Marvin Gaye singles chronology
| "It's Madness" (1985) | "Just Like" (1985) | "The World Is Rated X" (1986) |

= Just Like =

"Just Like" is a song recorded by Marvin Gaye in 1978 but not released until after the release of Gaye's posthumous 1985 album Romantically Yours.

==Overview==
The song was written and recorded by Gaye in the singer's recording studio in 1978 in sessions held for the recording of Gaye's albums, Here, My Dear and The Ballads. The song was written around the time that Gaye had finalized his divorce from Anna Gordy and was struggling in his second marriage to Janis Gaye. It is unclear if Gaye had wanted to include the song in The Ballads, because when the posthumous Vulnerable album came out in 1997, the song was left off the track listing.

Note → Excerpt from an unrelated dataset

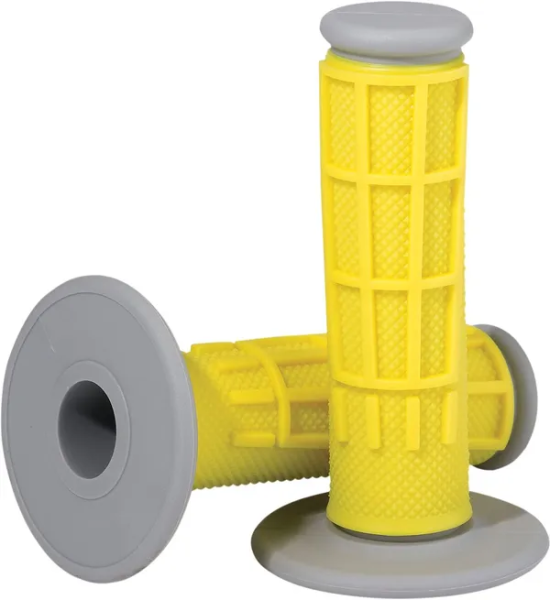 MOOSE RACING Comp Diamond Half Waffle Grips Yellow -0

Instead, following Marvin's death, Columbia Records worked with Gaye's former label, Motown, to bring leftover songs to fulfill what would have been Gaye's contractual obligations to Columbia (he had signed a three-album deal in 1982). "Just Like" was one of the songs on the posthumous 1985 album, Romantically Yours.

"Just Like" was later released as a single but failed to chart.